Exercise prompt: What you return should be the exact lines from the one with "Great Original ID46" to the end of the records below, both included, and no pictures.

Data records:
┄┄┄┄┄┄┄┄┄┄
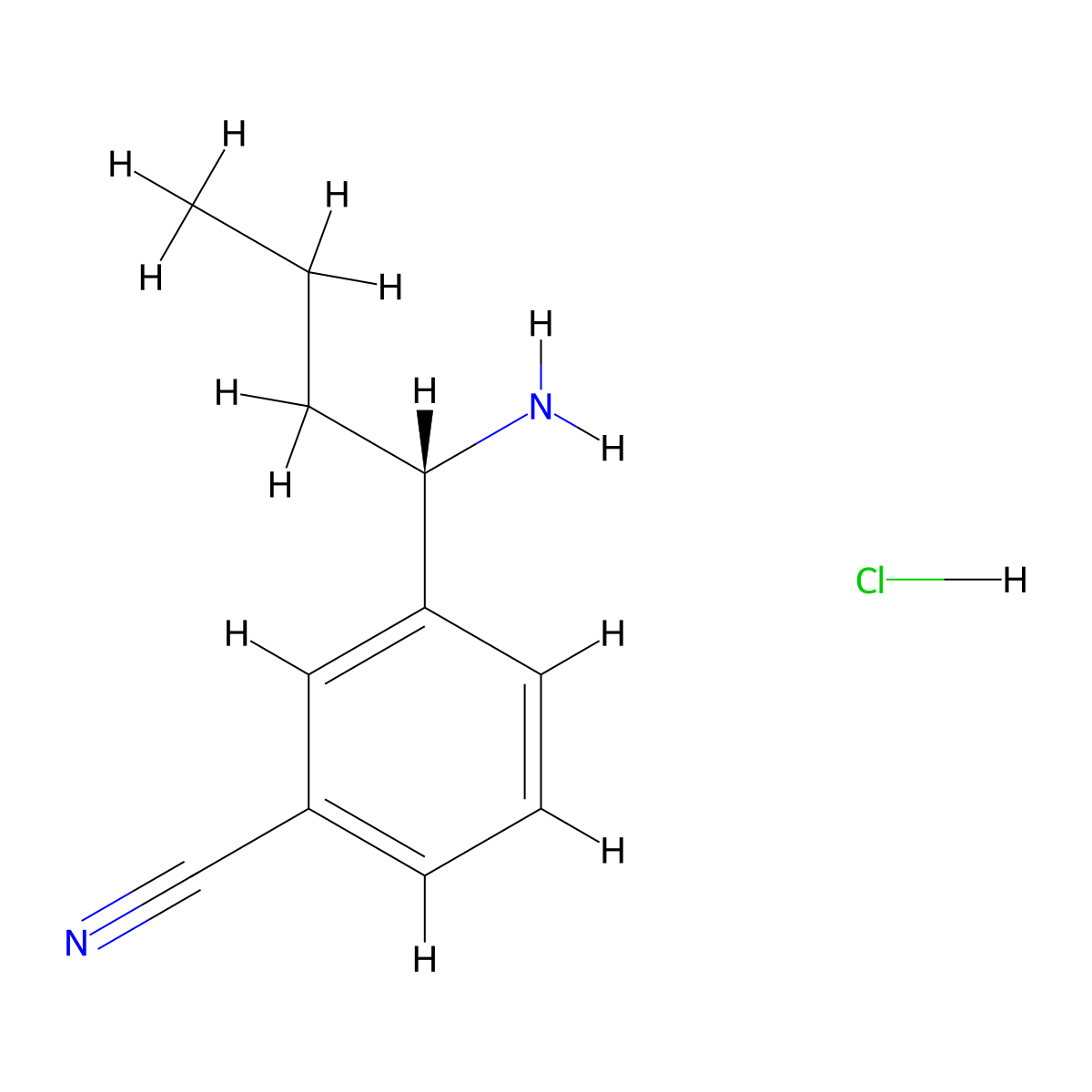 (S)-3-(1-Aminobutyl)benzonitrile hydrochloride molecular structure, CAS 1213603-19-0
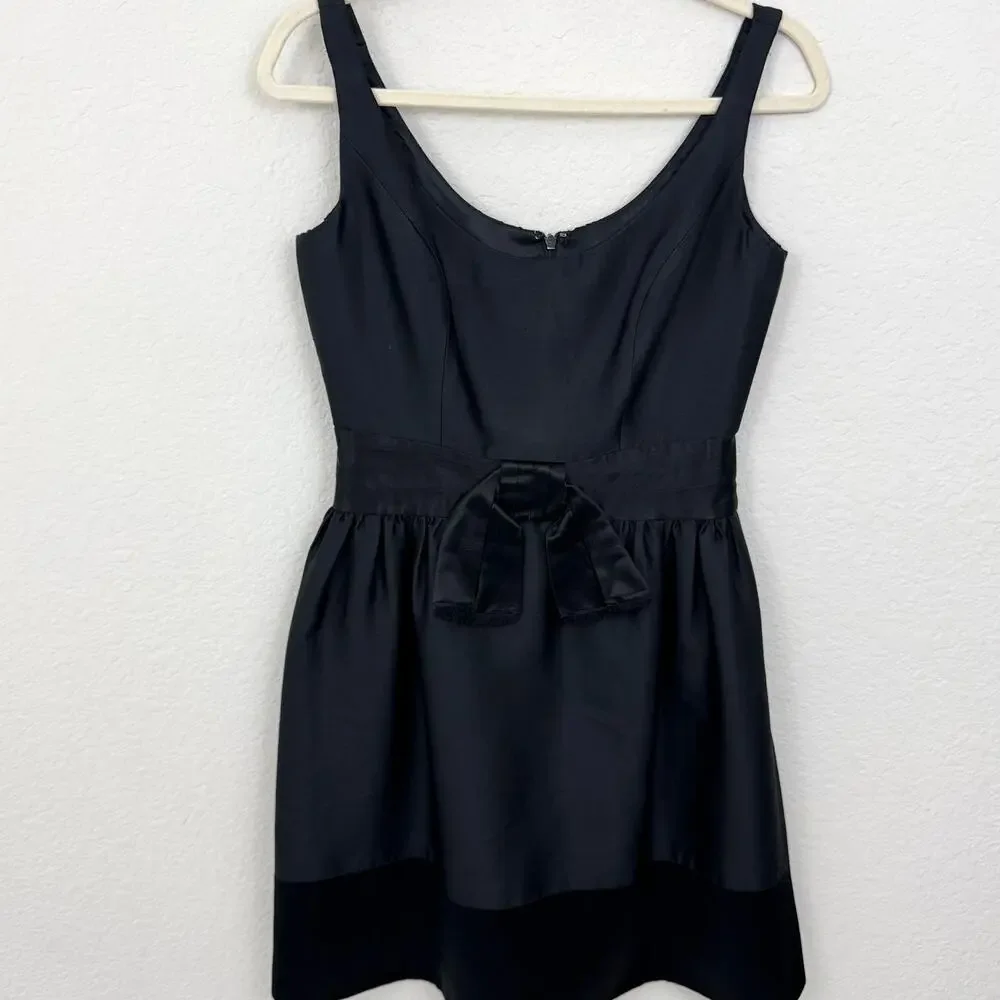 Milly Of New York Womens Party Mini Dress Size 2 Bow Silk Blend Satin Black - Picture 1 of 9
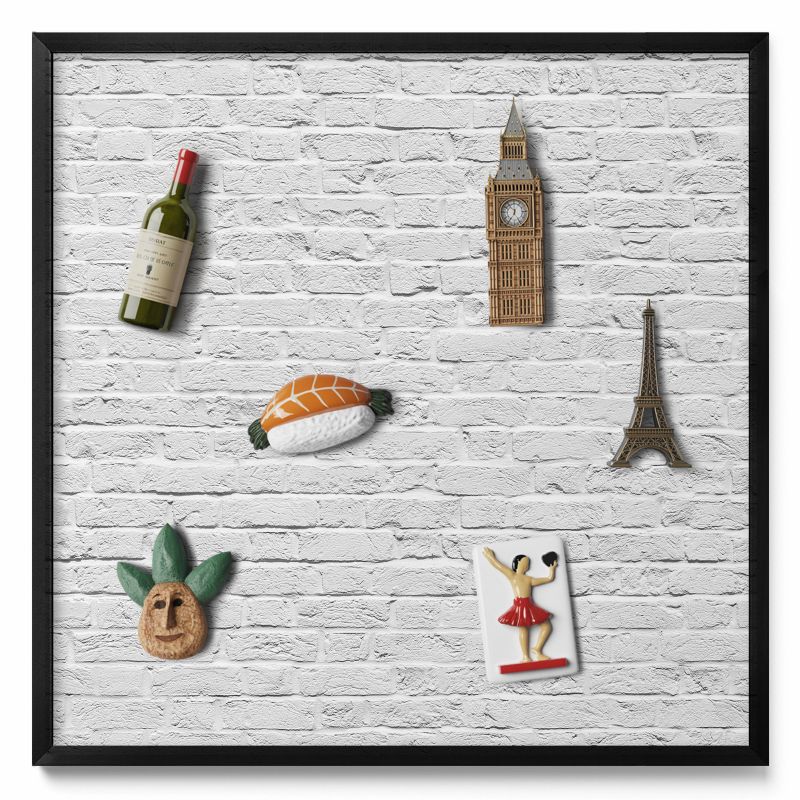 Tablica magnetyczna na ścianę Tulup 50x50 cm Ceglana ściana jasny mur w czarnej ramie 1 szt.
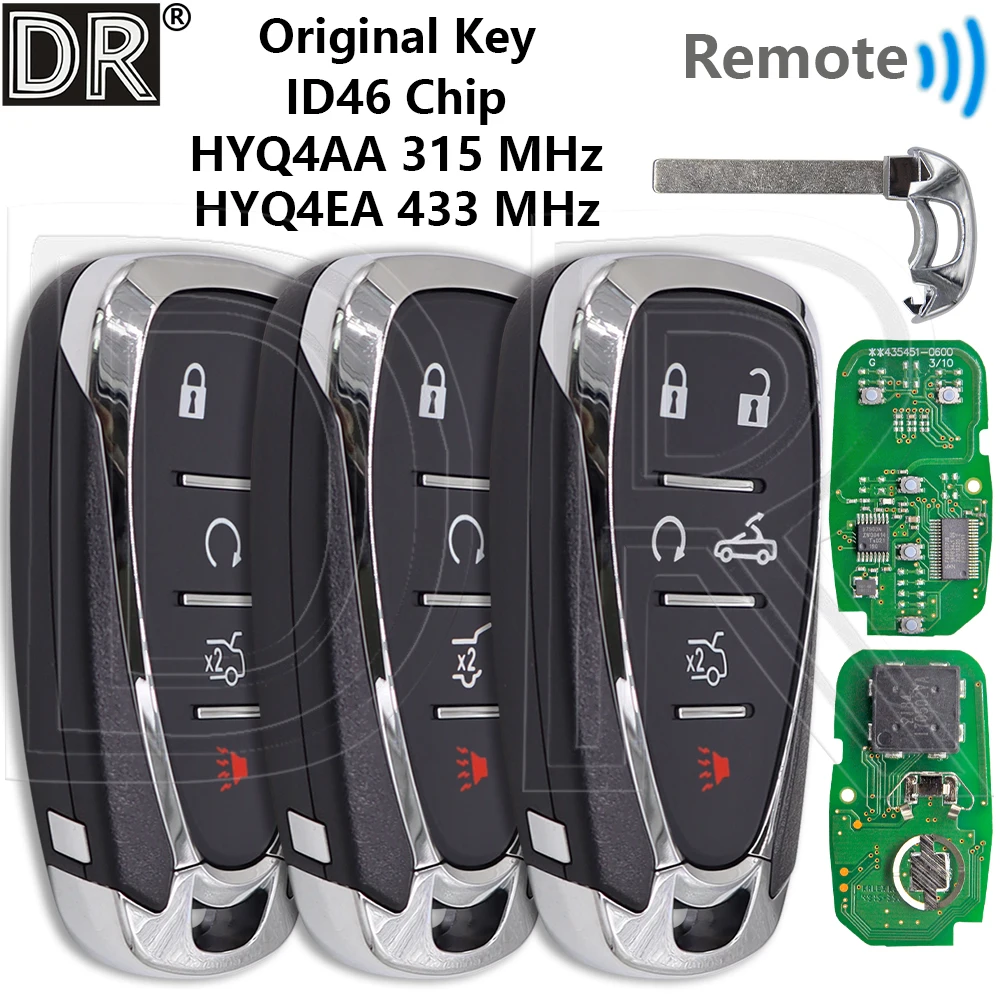 

Great Original ID46 Chip 315/433MHz Car Remote Key For Chevrolet Sonic Trax Spark Cruze Malibu Blazer Traverse Equinox Camaro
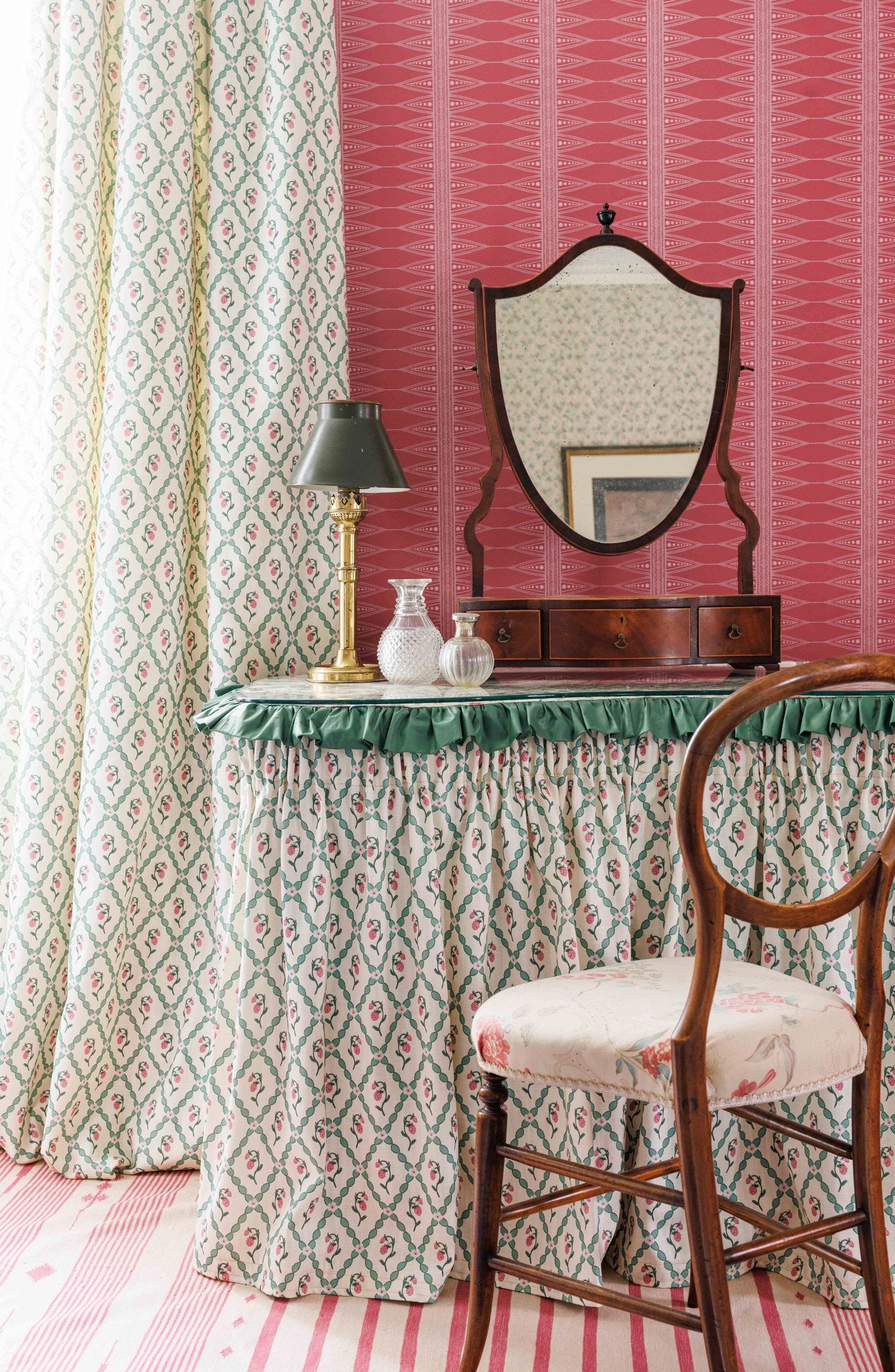 Wild Strawberry Trellis Roman Blind | Made to Measure | Vintage Cream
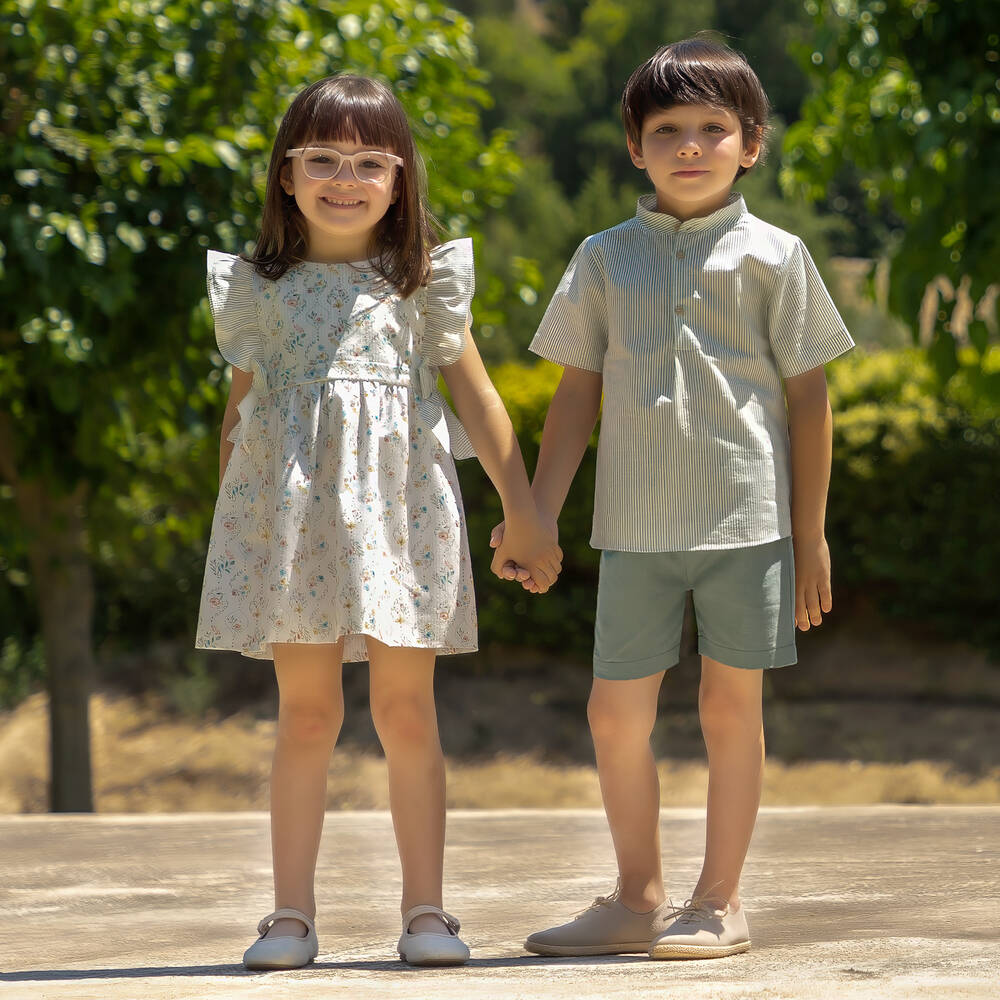 Mebi-Boys Green Cotton & Linen Shorts Set | Childrensalon Outlet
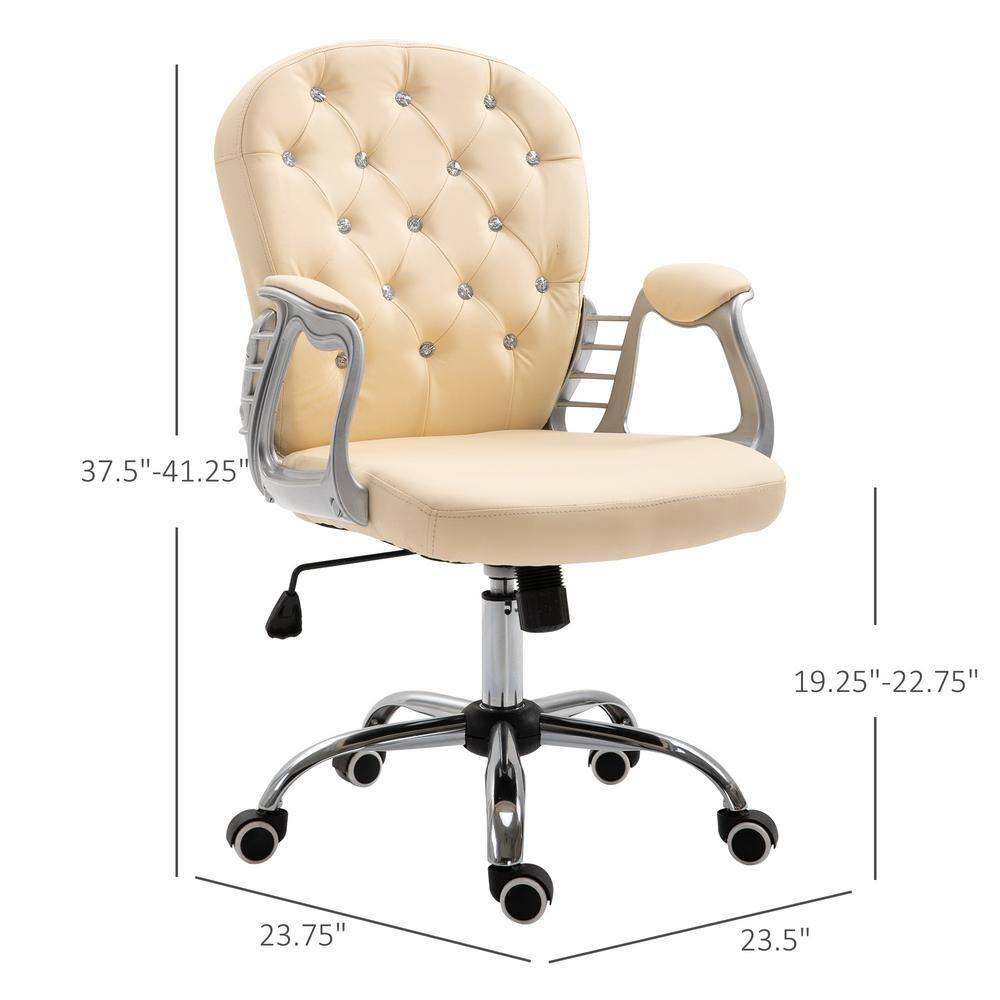 Beige Tufted Leather Swivel Executive Office Chair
┄┄┄┄┄┄┄┄┄┄
Your response:
Great Original ID46 Chip 315/433MHz Car Remote Key For Chevrolet Sonic Trax Spark Cruze Malibu Blazer Traverse Equinox Camaro
 Wild Strawberry Trellis Roman Blind | Made to Measure | Vintage Cream
 Mebi-Boys Green Cotton & Linen Shorts Set | Childrensalon Outlet
 Beige Tufted Leather Swivel Executive Office Chair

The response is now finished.